Recorded data >>
————

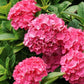 Pink Hydrangea Seeds - Beautiful Attractive Showy and Hardy Perennial Flowers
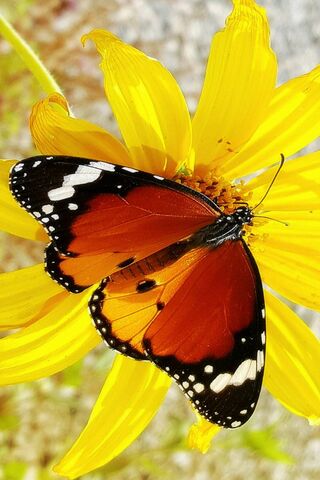 Nature's Colorful Dancer: The Butterfly
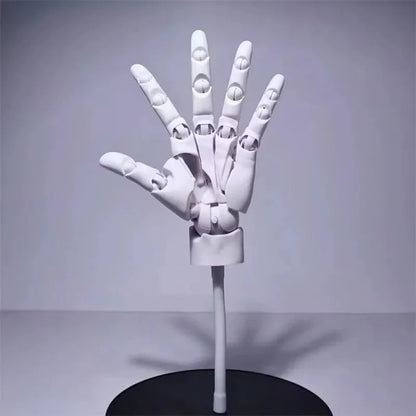 Multi-Pose Drawing Sculpting Art Hand Model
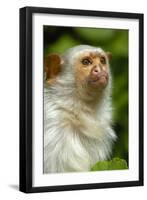 Portrait of a Silvery Marmoset (Mico - Callithrix Argentata)-Daniel Heuclin-Framed Photographic Print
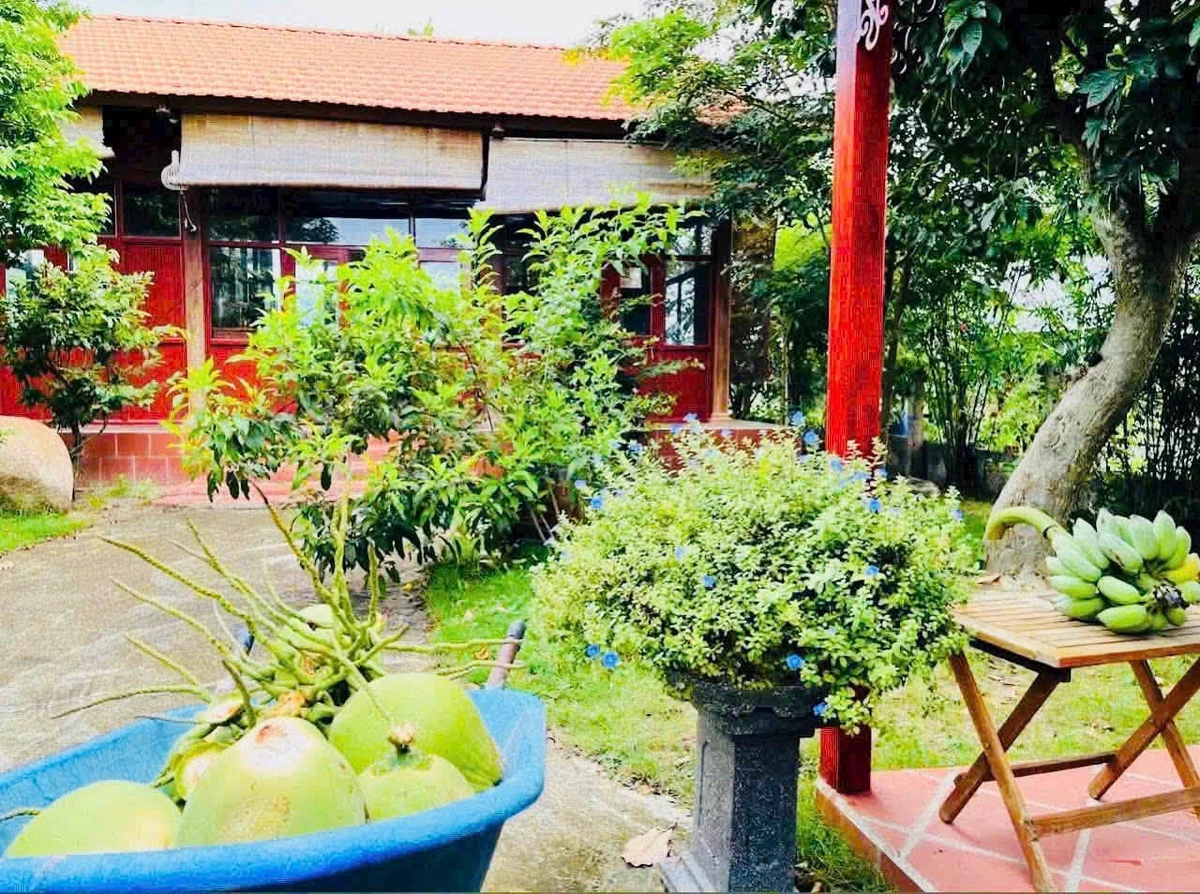 Bán đất vườn 1.333m² Thôn 5 Hàm Liêm 1 tỷ 500 - Ảnh thu nhỏ 3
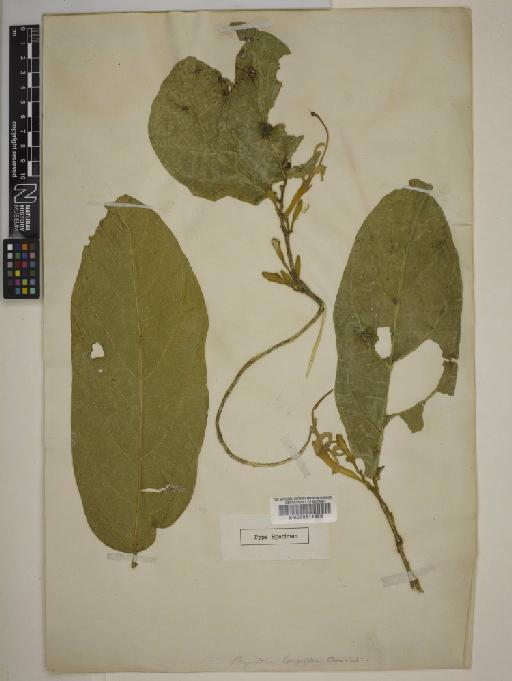 Quararibea longiflora Aubl. - 000611928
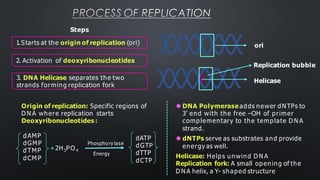 PROCESS OF REPLICATION
ori
Origin of replication: Specific regions of
D N A where replication starts
Deoxyribonucleotides :
Helicase
⚫ DNA Polymeraseadds newer dNTPs to
3’ end with the free –OH of primer
complementary to the template D N A
strand.
⚫ dNTPs serve as substrates and provide
energy as well.
Helicase: Helps unwind D N A
Replication fork: A small opening of the
D N A helix, a Y- shaped structure
+2H PO
3 4
dATP
dGTP
dTTP
dCTP
Phosphory lase
Energy
dAMP
dGMP
dTMP
dCM P
Replication bubble
1.Starts at the origin of replication (ori)
2. Activation of deoxyribonucleotides
3. DNA Helicase separates the two
strands forming replication fork
Steps
 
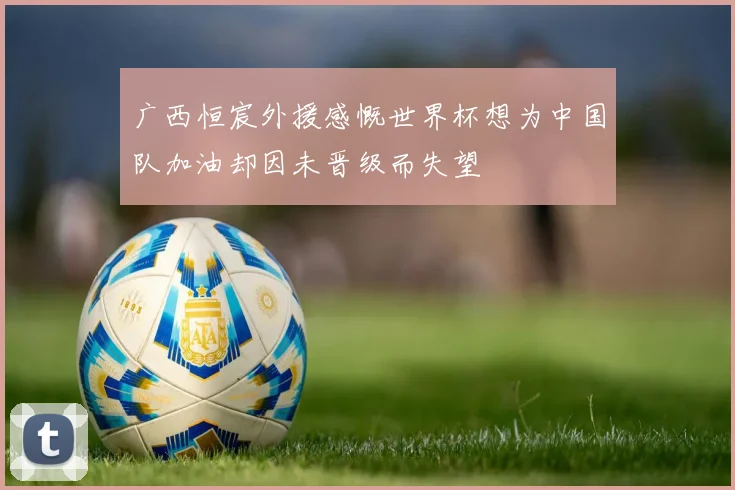广西恒宸外援感慨世界杯想为中国队加油却因未晋级而失望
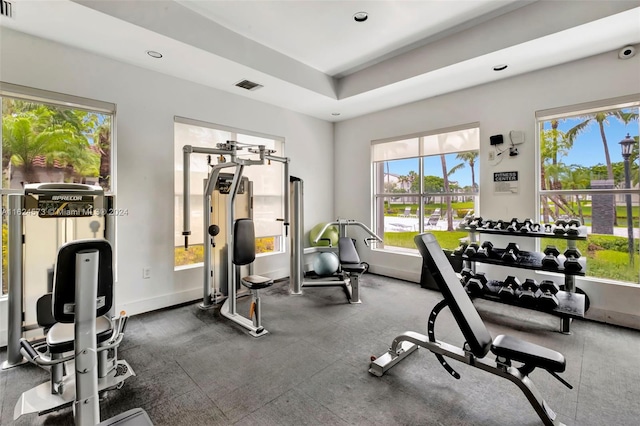 exercise room featuring a raised ceiling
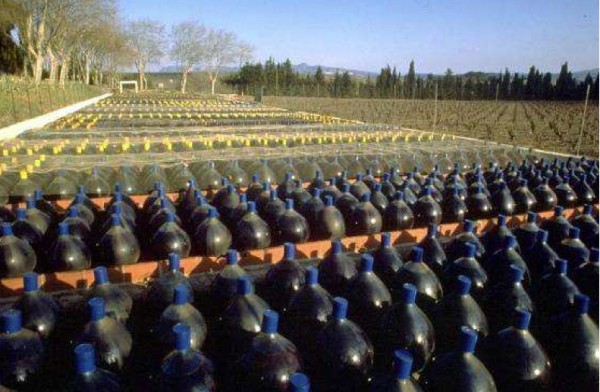 Weinbereitung (Vinifikation) Vin Doux Naturel (Banyuls, Maury, Rivesaltes, Rasteau) Bonbonnes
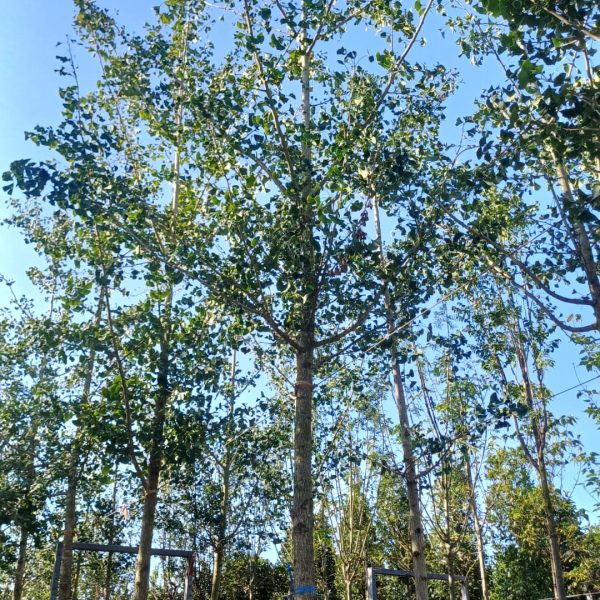 Ginkgo biloba (Dvokrpi ginko)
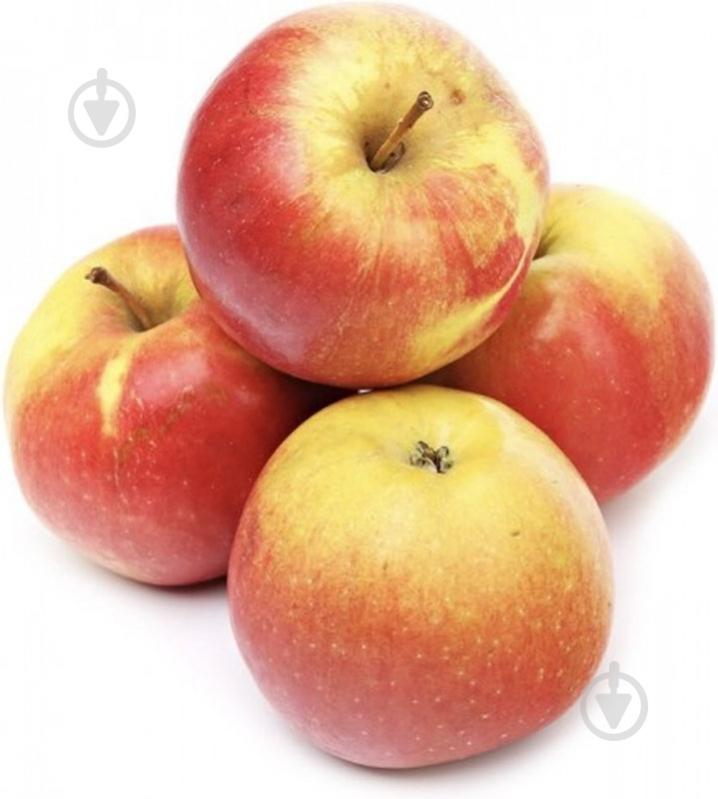 Яблоко Айдаред - фото 1 Яблоко Айдаред - фото 1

————

Instructions to follow >> Copy out each line of the data in which the word "Helicase" appears.

Written solution >>
Helicase
Helicase: Helps unwind D N A
3. DNA Helicase separates the two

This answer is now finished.